这是她第一次替别人说一个并不完全真实的答案。
陈老板盯着她。
没拆穿。
只是继续削萝卜。
“让她明天下午来。”
知微松口气。
“真的?”
“先看。”
“陈叔,你其实人挺好。”
刀忽然停住。
他抬头。
“别叫叔。”
“为什么?”
“听着老。”
“你本来就——”
她及时停住。
陈老板眯眼。
“你继续。”
“成熟。”
“滚去干活。
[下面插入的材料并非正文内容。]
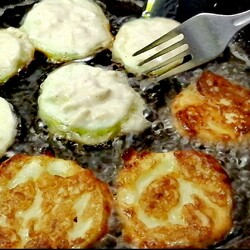 Кабачки в сырном кляре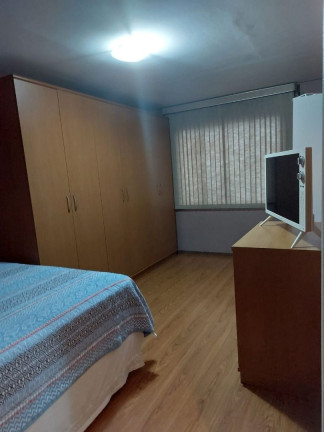 Imagem Casa com 3 Quartos à Venda, 210 m² em Guaíra - Curitiba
”
知微笑起来。
---
宋怡然第二天下午来了。
她穿得非常普通。
黑裤子。
灰色毛衣。
头发扎起来。
几乎没化妆。
嘴角的青紫已经淡了。
如果不是知道她在哪里工作,没人会多看她一眼。
知微第一次发现:
一个人所谓“复杂的过去”,其实完全不会写在脸上。
陈老板只问了她几个问题。
“做过餐馆?”
“没有。”
“站得住?”
“可以。”
“手脚快吗?”
“还行。”
“工资不高。”
宋怡然问:
“多少?”
陈老板报了数字。
知微悄悄看她。
这个数字可能只有她在Spa收入的三分之一。
甚至更少。
宋怡然沉默了大约两秒。
“行。”
就这么答应了。
陈老板反而多看她一眼。
“嫌少现在就说。”
“嫌。”
宋怡然说。
陈老板愣了一下。
“那还做?”
“嫌少和要做,不冲突。”
厨房里安静半秒。
知微没忍住笑。
陈老板也笑。
“跟小林一路人。”
知微立刻说:
“她比我难搞。”
宋怡然看她。
“你怎么知道?”
“直觉。”
“你的直觉看男人都不太准。”
知微脸一红。
“关你什么事。”
陈老板看看两个人。
“要聊天出去聊。”
宋怡然就这样留下了。
---
第一天上班,她比知微当初强很多。
没摔盘子。
桌号记得快。
面对催菜的客人,也不慌。
一个喝了点酒的男客人故意叫她:
“美女,再来一瓶啤酒。”
宋怡然笑。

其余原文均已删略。